#### Directions:
Within the entries below, find the portion that opens with the line containing "Zdjęcie grobu Anna Przeradowska (1)" and closes with the line containing "Anvelope Pirelli". Retype that portion exactly and only.

#### Available data:
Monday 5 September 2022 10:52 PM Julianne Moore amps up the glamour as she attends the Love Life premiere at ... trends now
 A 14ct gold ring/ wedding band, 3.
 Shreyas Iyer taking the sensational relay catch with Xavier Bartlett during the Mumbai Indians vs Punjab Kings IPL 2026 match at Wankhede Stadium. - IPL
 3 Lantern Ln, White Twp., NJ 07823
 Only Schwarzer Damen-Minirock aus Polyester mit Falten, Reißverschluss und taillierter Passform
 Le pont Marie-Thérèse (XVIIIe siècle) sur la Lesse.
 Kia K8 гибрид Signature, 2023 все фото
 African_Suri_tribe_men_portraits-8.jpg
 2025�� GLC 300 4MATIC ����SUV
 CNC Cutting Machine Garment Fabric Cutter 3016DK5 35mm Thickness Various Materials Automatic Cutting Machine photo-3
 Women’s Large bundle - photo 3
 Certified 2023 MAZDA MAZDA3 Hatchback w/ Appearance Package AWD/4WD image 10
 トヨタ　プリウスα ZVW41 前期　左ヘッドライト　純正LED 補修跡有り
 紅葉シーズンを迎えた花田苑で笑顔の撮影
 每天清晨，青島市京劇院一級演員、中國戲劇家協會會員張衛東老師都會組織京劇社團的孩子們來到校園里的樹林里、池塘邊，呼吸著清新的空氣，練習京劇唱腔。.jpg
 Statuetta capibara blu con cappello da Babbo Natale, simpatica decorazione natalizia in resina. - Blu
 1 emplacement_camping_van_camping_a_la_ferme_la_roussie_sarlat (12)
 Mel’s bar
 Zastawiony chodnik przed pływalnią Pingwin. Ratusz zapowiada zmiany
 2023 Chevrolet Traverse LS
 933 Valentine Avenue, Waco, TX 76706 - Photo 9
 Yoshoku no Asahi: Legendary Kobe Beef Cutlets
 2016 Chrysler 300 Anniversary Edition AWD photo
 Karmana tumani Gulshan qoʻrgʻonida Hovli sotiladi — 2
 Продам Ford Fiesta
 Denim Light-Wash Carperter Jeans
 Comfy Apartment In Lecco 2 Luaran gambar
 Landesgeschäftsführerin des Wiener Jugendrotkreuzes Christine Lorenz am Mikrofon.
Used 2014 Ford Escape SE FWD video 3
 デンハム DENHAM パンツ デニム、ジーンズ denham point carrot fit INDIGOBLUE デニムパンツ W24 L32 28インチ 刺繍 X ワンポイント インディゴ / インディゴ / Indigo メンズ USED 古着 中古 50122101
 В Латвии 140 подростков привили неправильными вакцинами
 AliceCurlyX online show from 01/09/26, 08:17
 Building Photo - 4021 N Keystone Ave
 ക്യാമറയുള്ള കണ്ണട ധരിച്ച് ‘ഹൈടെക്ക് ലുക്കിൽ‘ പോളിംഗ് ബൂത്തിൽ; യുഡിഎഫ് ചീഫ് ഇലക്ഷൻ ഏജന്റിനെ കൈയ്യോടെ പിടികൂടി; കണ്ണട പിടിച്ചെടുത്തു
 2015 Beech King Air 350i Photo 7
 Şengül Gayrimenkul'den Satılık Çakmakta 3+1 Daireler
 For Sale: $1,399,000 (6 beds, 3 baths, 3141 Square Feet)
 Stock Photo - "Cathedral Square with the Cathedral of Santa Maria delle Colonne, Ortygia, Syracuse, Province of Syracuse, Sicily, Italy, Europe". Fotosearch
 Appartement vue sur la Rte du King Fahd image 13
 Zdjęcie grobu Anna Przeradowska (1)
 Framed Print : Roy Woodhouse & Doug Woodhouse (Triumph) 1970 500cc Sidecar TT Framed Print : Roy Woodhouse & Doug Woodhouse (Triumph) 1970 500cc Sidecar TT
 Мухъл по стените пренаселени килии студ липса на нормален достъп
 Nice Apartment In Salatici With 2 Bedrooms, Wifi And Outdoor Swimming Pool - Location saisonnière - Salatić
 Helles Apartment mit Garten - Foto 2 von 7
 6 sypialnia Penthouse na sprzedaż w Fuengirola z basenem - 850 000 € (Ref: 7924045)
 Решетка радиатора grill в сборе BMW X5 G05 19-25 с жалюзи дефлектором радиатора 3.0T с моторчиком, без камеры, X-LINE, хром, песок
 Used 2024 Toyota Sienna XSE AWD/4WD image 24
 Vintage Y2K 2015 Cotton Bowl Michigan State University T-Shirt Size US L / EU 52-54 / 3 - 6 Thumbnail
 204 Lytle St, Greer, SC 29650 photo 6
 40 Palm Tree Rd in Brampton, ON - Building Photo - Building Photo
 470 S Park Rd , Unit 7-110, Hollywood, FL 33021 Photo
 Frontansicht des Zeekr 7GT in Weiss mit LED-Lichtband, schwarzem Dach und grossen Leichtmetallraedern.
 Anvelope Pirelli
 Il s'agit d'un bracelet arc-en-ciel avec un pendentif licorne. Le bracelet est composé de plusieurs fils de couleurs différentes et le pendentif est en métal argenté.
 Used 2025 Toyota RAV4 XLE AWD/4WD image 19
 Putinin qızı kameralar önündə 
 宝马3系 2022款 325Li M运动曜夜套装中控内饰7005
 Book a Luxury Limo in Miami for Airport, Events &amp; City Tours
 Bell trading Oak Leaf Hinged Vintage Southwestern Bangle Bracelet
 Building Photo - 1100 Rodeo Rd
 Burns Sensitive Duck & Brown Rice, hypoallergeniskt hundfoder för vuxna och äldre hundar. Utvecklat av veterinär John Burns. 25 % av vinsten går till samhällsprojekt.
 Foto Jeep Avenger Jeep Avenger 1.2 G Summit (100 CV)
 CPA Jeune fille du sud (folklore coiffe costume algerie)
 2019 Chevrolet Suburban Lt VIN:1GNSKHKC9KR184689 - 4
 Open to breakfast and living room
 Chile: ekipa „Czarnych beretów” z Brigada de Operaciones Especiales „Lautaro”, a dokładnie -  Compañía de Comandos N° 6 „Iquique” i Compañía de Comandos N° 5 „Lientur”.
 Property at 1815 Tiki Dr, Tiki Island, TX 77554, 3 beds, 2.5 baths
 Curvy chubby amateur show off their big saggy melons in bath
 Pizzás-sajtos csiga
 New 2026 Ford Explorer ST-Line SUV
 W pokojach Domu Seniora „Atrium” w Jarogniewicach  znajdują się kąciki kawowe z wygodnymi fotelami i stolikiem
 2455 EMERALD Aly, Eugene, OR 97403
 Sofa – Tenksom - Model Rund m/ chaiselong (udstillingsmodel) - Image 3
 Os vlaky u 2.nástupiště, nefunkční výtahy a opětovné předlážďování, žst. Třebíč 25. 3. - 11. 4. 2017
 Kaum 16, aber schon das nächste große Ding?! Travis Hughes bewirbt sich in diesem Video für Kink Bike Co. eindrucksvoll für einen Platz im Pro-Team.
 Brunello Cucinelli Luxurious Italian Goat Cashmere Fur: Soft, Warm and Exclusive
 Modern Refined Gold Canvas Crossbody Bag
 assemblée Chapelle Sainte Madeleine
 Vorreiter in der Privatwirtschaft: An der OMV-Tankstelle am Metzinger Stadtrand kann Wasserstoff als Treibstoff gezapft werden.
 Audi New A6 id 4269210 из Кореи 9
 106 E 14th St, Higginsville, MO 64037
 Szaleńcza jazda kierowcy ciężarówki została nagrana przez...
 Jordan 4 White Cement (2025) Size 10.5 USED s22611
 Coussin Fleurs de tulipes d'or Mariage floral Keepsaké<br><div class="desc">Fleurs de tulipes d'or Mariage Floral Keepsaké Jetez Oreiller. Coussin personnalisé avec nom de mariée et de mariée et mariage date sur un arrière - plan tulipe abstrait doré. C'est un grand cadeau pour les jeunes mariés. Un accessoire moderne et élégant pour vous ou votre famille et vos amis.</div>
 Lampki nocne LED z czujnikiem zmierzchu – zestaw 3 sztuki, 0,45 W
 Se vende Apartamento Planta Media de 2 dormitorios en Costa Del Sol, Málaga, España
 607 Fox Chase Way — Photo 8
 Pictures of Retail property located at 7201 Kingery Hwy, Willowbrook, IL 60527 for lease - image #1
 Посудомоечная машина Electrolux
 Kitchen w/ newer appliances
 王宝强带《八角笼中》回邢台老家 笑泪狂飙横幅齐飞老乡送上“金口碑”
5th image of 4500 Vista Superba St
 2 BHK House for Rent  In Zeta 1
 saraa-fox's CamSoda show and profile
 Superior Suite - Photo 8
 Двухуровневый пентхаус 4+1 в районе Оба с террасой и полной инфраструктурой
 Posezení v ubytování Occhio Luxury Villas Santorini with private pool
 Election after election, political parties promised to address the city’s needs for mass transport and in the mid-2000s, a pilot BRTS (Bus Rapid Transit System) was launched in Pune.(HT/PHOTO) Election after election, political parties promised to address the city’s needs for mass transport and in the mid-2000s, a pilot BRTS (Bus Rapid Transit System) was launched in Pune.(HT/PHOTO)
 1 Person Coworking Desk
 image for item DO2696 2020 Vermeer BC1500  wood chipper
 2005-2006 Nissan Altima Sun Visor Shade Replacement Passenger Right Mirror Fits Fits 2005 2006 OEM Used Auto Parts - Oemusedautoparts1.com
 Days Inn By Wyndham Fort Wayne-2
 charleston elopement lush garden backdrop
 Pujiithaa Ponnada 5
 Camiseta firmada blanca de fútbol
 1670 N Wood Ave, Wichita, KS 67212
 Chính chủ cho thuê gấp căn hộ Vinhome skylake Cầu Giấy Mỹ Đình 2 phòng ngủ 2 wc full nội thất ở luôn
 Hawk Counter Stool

#### Exercise response:
 Zdjęcie grobu Anna Przeradowska (1)
 Framed Print : Roy Woodhouse & Doug Woodhouse (Triumph) 1970 500cc Sidecar TT Framed Print : Roy Woodhouse & Doug Woodhouse (Triumph) 1970 500cc Sidecar TT
 Мухъл по стените пренаселени килии студ липса на нормален достъп
 Nice Apartment In Salatici With 2 Bedrooms, Wifi And Outdoor Swimming Pool - Location saisonnière - Salatić
 Helles Apartment mit Garten - Foto 2 von 7
 6 sypialnia Penthouse na sprzedaż w Fuengirola z basenem - 850 000 € (Ref: 7924045)
 Решетка радиатора grill в сборе BMW X5 G05 19-25 с жалюзи дефлектором радиатора 3.0T с моторчиком, без камеры, X-LINE, хром, песок
 Used 2024 Toyota Sienna XSE AWD/4WD image 24
 Vintage Y2K 2015 Cotton Bowl Michigan State University T-Shirt Size US L / EU 52-54 / 3 - 6 Thumbnail
 204 Lytle St, Greer, SC 29650 photo 6
 40 Palm Tree Rd in Brampton, ON - Building Photo - Building Photo
 470 S Park Rd , Unit 7-110, Hollywood, FL 33021 Photo
 Frontansicht des Zeekr 7GT in Weiss mit LED-Lichtband, schwarzem Dach und grossen Leichtmetallraedern.
 Anvelope Pirelli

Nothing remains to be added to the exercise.